Dog bites and skin cancer can result in large tissue defects. The skin, cartilage, and mucosa (inner lining of the nose) can all be involved. The surgeon may need to replace the cartilage framework with tissue and obtain tissue from the septum or ear. The mucosa may require flaps of adjacent mucosa which are rotated into position. Finally, the skin is where art meets function. The surgeon may have to remove full-thickness skin grafts from one spot (usually in front of the ear) and place them into a defect. The skin will integrate with the surrounding tissues over time and is a relatively fast, easy procedure for small defects.
The surgeon may have to create local tissue flaps from creating designs of adjacent skin that are incised and rotated to fill the defect. They must craft the flaps to be the perfect size to allow for good function and camouflage. At times, the surgeon may require multiple stages to attain full skin coverage in cases in which they create axial or pedicle flaps from the forehead or cheek. The reason for this is to establish blood flow and slowly create the ideal, anatomic contour. Also, despite best efforts, the cosmesis may not be ideal. That’s where we employ CO2 laser and Intense Pulsed Light to help revise the tissues and scarring with great success.

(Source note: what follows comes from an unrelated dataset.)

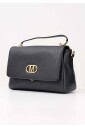 sac-a-main-de-luxe-noir-design-elegant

Drugs such as cocaine and autoimmune diseases like Wegener’s can destroy cartilage, particularly in the septum. Cocaine creates perforations within the septum as does Wegener’s. This can lead to a lack of support to the nose creating a saddle nose deformity. This requires substantial reconstruction using rib cartilage. It is critical to ensure that all drug usage has permanently stopped. Also, in the case of Wegener’s Granulomatosis, a doctor must confirm the diagnosis and control the symptoms using medicines under the guidance of a rheumatologist. Trauma is a unique opportunity to restore form and function to the nose. If possible, the surgeon can repair the nose in one stage. Sometimes, though, it is in the patient’s best interest to stage procedures over weeks to months for the best outcome.
The cleft lip-nose is a congenital deformity that occurs during the formation of the nose and lip in utero. The lip can have a small or substantial portion missing that requires correction due to feeding needs. The nose with its relation close to the upper lip may be affected as well. With this condition, the nasal tip pulls to the side opposite of the cleft as does the septum. The nostril on the side of the cleft is horizontally oriented and pulled posteriorly, and the tip is under-projected and wide. There are varying degrees of deformity though the aforementioned description is considered classic for cleft nose.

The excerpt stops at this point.